• AIM OF THE EXERCISE:
Starting at the line below that contains "The Restoration of" and ending at the line that contains "Read Enterprising Women: 250", retype each line exactly as it stands, but omit the pictures.

• LISTED ENTRIES:
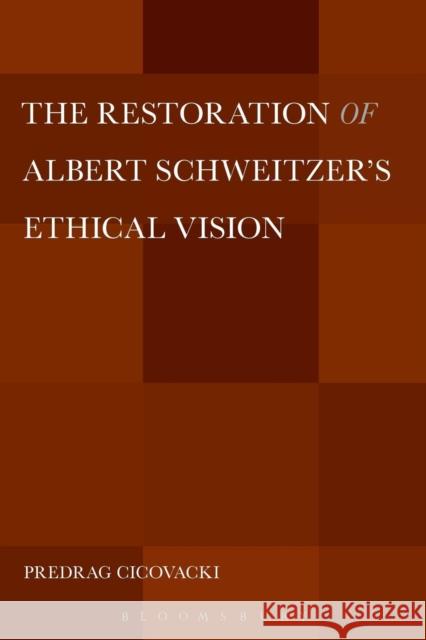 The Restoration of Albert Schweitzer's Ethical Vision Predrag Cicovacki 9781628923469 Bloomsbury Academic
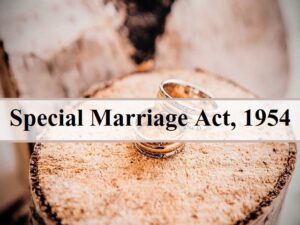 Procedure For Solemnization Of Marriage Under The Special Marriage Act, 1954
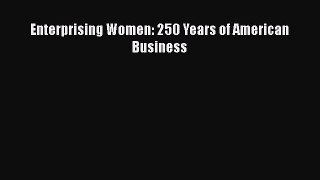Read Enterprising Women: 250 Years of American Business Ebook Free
--
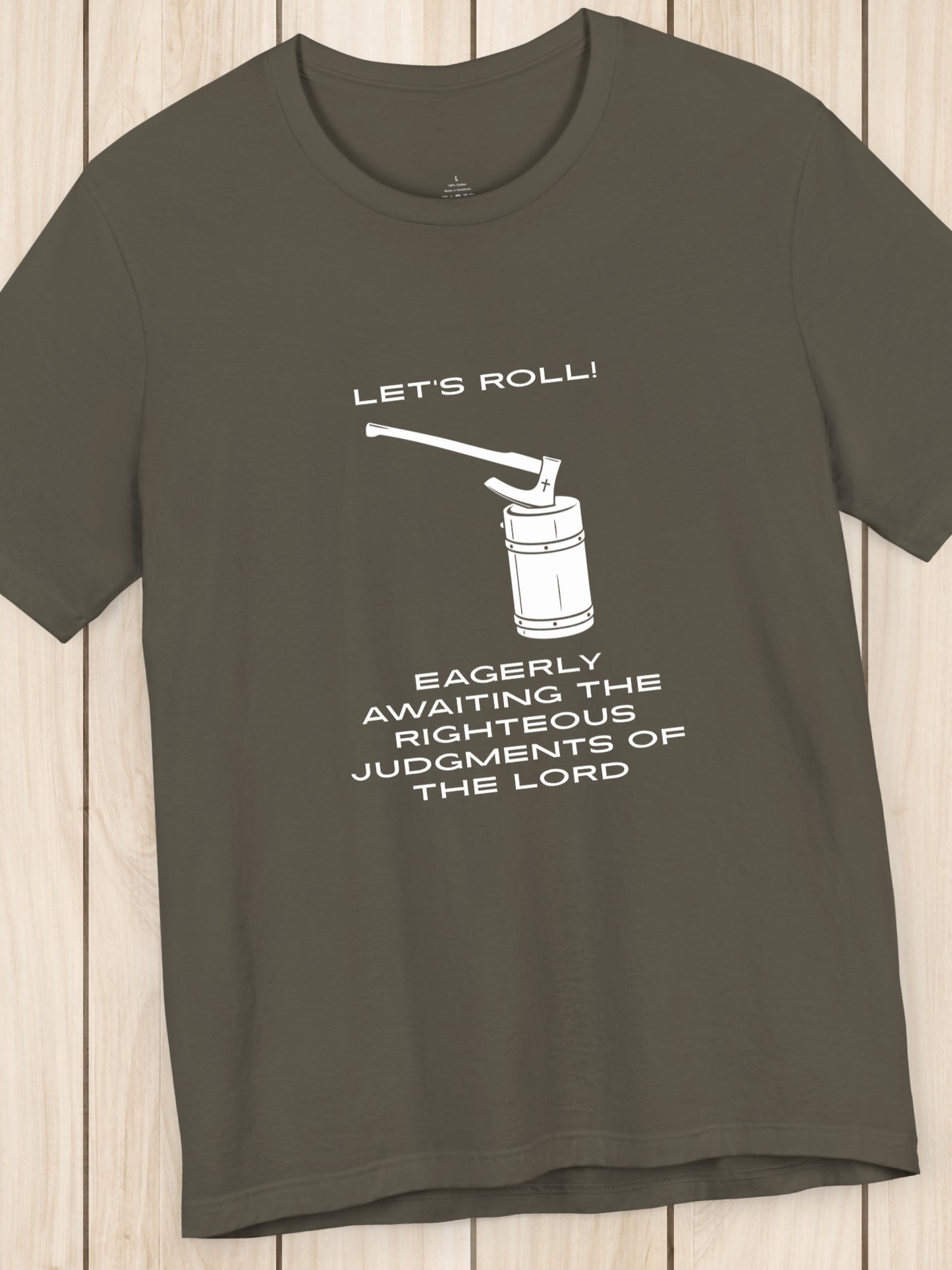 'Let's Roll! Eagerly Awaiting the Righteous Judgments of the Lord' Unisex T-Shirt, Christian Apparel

• OUTPUT FOR THIS TASK:
 The Restoration of Albert Schweitzer's Ethical Vision Predrag Cicovacki 9781628923469 Bloomsbury Academic
 Procedure For Solemnization Of Marriage Under The Special Marriage Act, 1954
Read Enterprising Women: 250 Years of American Business Ebook Free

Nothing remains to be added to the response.